Well, at first I wanted to be an archaeologist like Indiana Jones in Raiders of the Lost Ark. Then I learned how much writing archaeologists have to do and decided that career wasn’t as sexy as it looked in the movie (which is ironic considering I now write for a living). After that, I thought being a camel jockey sounded exciting. It was about that time that I was reading a lot of romance novels where the heroes were these hunky sheiks and the heroines were fair English maidens. However, I read up on camels and learned that they liked to bite and they weren’t the best smelling animals, plus women weren’t allowed to be camel jockeys at the time. So, then I went from wanting to be a flight attendant (the travel appealed) to a lawyer (helping others in need in this way seemed like a good cause). As you can see, I was all over the place in interests even back then, which works well for me as an author because I am able to explore different careers based on characters I create on the page.

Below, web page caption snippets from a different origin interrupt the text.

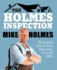 Holmes Inspection: the Essential Guide for Every Homeowner, Buyer and Seller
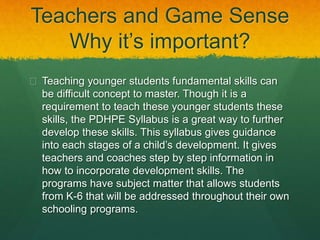 Teachers and Game Sense 
Why it’s important? 
 Teaching younger students fundamental skills can 
be difficult concept to master. Though it is a 
requirement to teach these younger students these 
skills, the PDHPE Syllabus is a great way to further 
develop these skills. This syllabus gives guidance 
into each stages of a child’s development. It gives 
teachers and coaches step by step information in 
how to incorporate development skills. The 
programs have subject matter that allows students 
from K-6 that will be addressed throughout their own 
schooling programs. 
 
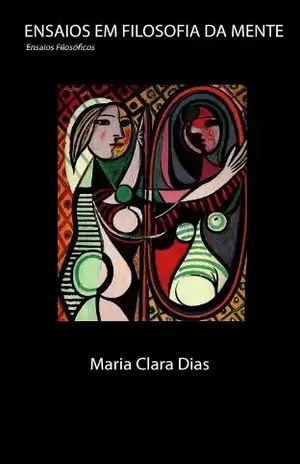 Ensaios em Filosofia da Mente (Ensaios Filosóficos Livro 3) – Maria Clara Dias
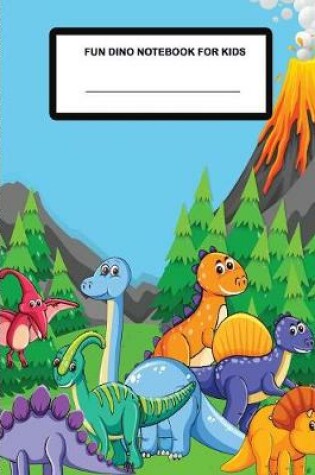 Cover of Fun Dino Notebook for Kids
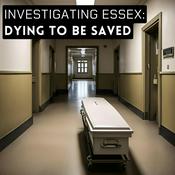 Podcast Investigating Essex: Dying To Be Saved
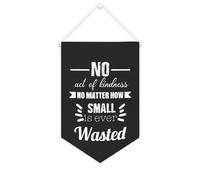 Yelolyio Bandiera da parete in tela con citazione ispiratrice No Act of Kindness No Matter How Small Is Ever Wasted, striscione da appendere per casa e ufficio, 25,4 x 38,1 cm, in tela, regalo per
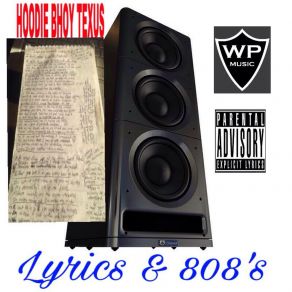 Download track Lyrics And 808s Hoodie Bhoy Texus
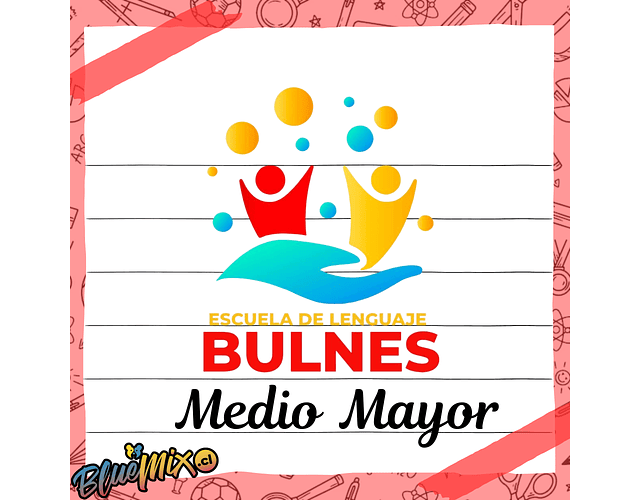 ESCUELA ESPECIAL DE LENGUAJE BULNES - MEDIO MAYOR 2026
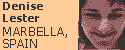 Denise Lester, Marbella
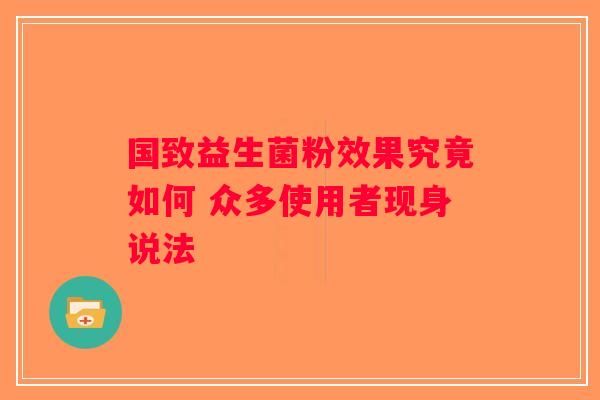 国致益生菌粉效果究竟如何 众多使用者现身说法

Anything additional you want to share with the readers?
I write books to entertain. My goal from the start has been to help readers escape to a fun world where they can smile, laugh, and cringe along with my characters. What I find most rewarding in this writing business is when a reader contacts me to tell me how I was able to help him/her leave behind worries and stresses and heartache for a bit. Even better is hearing that I was able to spur a smile or even tears of laughter. So, if you want to escape regular life for a short time, join me in the pages of one of my books.
Thanks, Ann. All the best with your writing.